Le 31 mars dernier la fondation Gabriel Péri organisait une rencontre sur le thème : « Insurrection populaire et transition au Burkina Faso : Quels changements? ». Un succès si on considère l’affluence nombreuse, entre 100 et 200 personnes, mais un désastre pour ce qui est de l’information sur le contenu de la transition. D’ailleurs l’ensemble des organisations burkinabè représentées en France organisent une nouvelle réunion le 18 avril sur le thème : « Insurrection populaire et transition: Quels changements ? » de 14h à 18h au même endroit à savoir le siège du PCF.

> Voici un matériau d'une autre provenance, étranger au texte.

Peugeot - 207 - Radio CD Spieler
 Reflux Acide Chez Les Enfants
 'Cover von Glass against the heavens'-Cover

L’initiative paraissait particulièrement bienvenue qui répondait bien à une demande de l’assistance venue nombreuse et avide d’informations. D’autant qu’il faut bien reconnaitre un manque de couverture de la part de la presse française
Du choix des intervenants
Mais organiser deux tables rondes en 3 heures était déjà une gageure, un pari d’ailleurs non tenu, puisque nous n’avons pas eu en réalité d’exposés structurés. Nous n'évoquerons ici que la première, l'autre était plus consacrée aux conséquences dans la région. Mais plus grave, force est de constater, aussi, que le débat était faussé de par le choix des intervenants, confié à l’antenne française du Mouvement burkinabè des droits de l’homme. Ce mouvement, né au début des années 90, est connu pour ses combats pour les droits humains. Il a joué un rôle important à la suite de l’assassinat de Norbert Zongo. Un des intervenants, Nacanabo Sagado, secrétaire exécutif du Réseau national de lutte contre la corruption, qui publie tous les ans des rapports attendus de lutte contre la corruption, est aussi un ancien dirigeant de la CGTB.

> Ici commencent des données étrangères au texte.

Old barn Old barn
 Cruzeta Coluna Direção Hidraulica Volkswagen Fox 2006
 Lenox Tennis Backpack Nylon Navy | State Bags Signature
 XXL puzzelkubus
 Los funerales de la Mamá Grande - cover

Mais tout observateur de la vie politique burkinabè sait que ces mouvements sont des lieux d’accueil des militants du PCRV, parti communiste révolutionnaire voltaïque, quand ils n’en assurent pas la direction, même si, bien sûr, tous leurs militants n’en sont pas forcément membres. Le PCRV a des liens privilégiés en France avec le PCOF (Parti communiste des ouvriers de France), issu des anciens partis dits marxistes léninistes que l’on qualifiait à l’époque de « maoïstes ». Il se réclame du marxisme-léninisme mais aussi de Staline !

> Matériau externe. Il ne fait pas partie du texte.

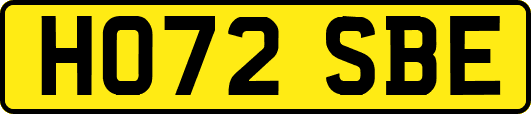 HO72SBE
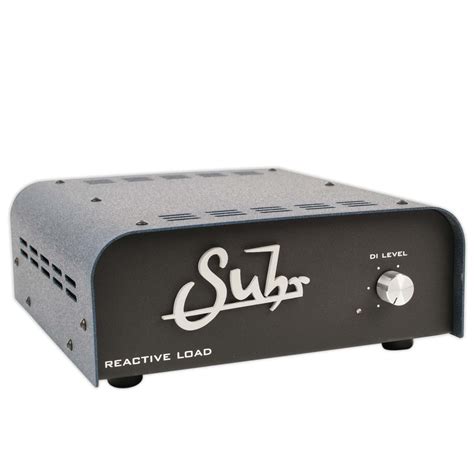 Suhr Reactive Load Box 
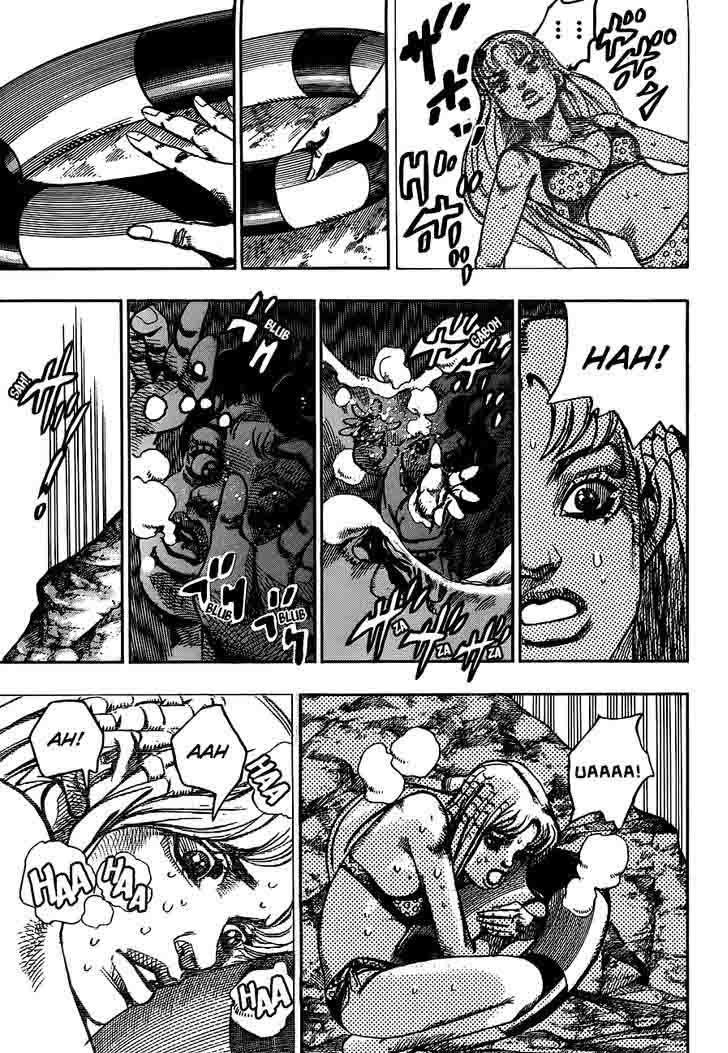 Jojos Bizarre Adventure Part 8 Jojolion 50 7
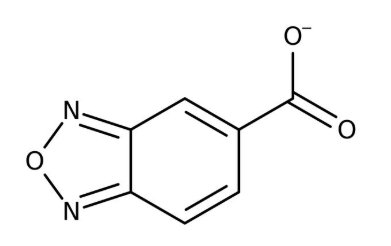 2,1,3-Benzoxadiazole-5-carboxylic acid 97%, 10g Maybridge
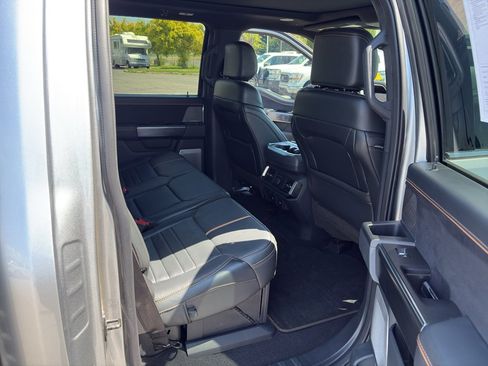 Used 2023 Ford F150 Platinum w/ Equipment Group 701A High AWD/4WD image 28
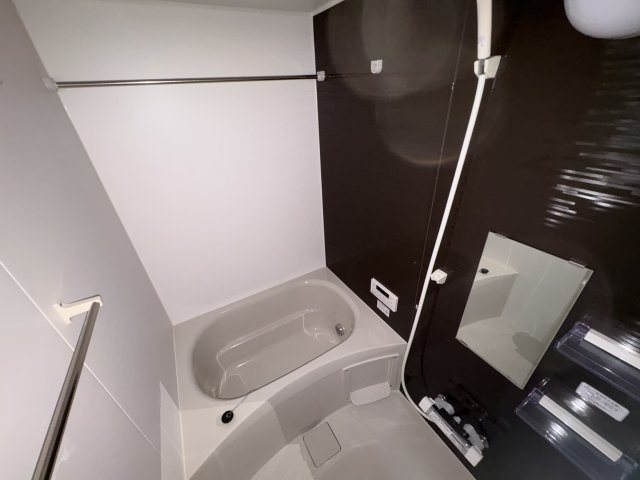 Fontanaの浴室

S’il apparait légitime d’inviter ses militants lors de débats sur les luttes sociales dont ils sont souvent les principaux acteurs, ça l’est moins lorsque le débat est d’ordre politique car, dans ce cas, on a droit immanquablement aux analyses du PCRV. Ce parti, s’est trouvé dans l’opposition de la révolution dirigé par Thomas Sankara et ses militants ont été pourchassés. Surtout il est apparu dépassé par les évènements, lors de la dernière insurrection sur laquelle il n’a eu aucune prise si ce n’est pour appeler, une fois qu’elle avait réussie, à « une insurrection armée », et pour dénoncer un « coup d’Etat militaire ». Nous y reviendrons en fin d’article. Le bilan est déjà de 30 morts, mais on imagine ce qui se serait passé si les insurgés, qui ont vaincu à mains nues, avaient été armés.
L’autre intervenant, journaliste, Ahmed Newton a un passé de journaliste d’investigation reconnu. On disait même parfois que c’était le meilleur du Burkina et il a eu maille à partie plusieurs fois avec l’ancien pouvoir. Mais depuis l’insurrection, ses articles questionnent. Il nous livre de nombreux scoops, reconnaissant qu’il tient les informations directement du général Gilbert Diendéré, qu’il a régulièrement au téléphone, le véritable numéro 2 de l’ancien régime dont nous avons longuement rappelé le passé sulfureux si ce n’est criminel (voir http://blogs.mediapart.fr/blog/bruno-jaffre/050215/burkina-faso-la-transition-entre-arrogance-du-regiment-de-securite-presidentielle-et-volonte-de-re ). Il lui arrive même de le nommer sous son seul prénom,"Gilbert", ce qui dénote d’une certaine proximité. A tel point qu’un des blogueurs du balai citoyen s’est demandé publiquement s’il n’était pas devenu son « attaché de presse». Lui se défendant en arguant qu'en journaliste d'investigation il doit s'informer de partout.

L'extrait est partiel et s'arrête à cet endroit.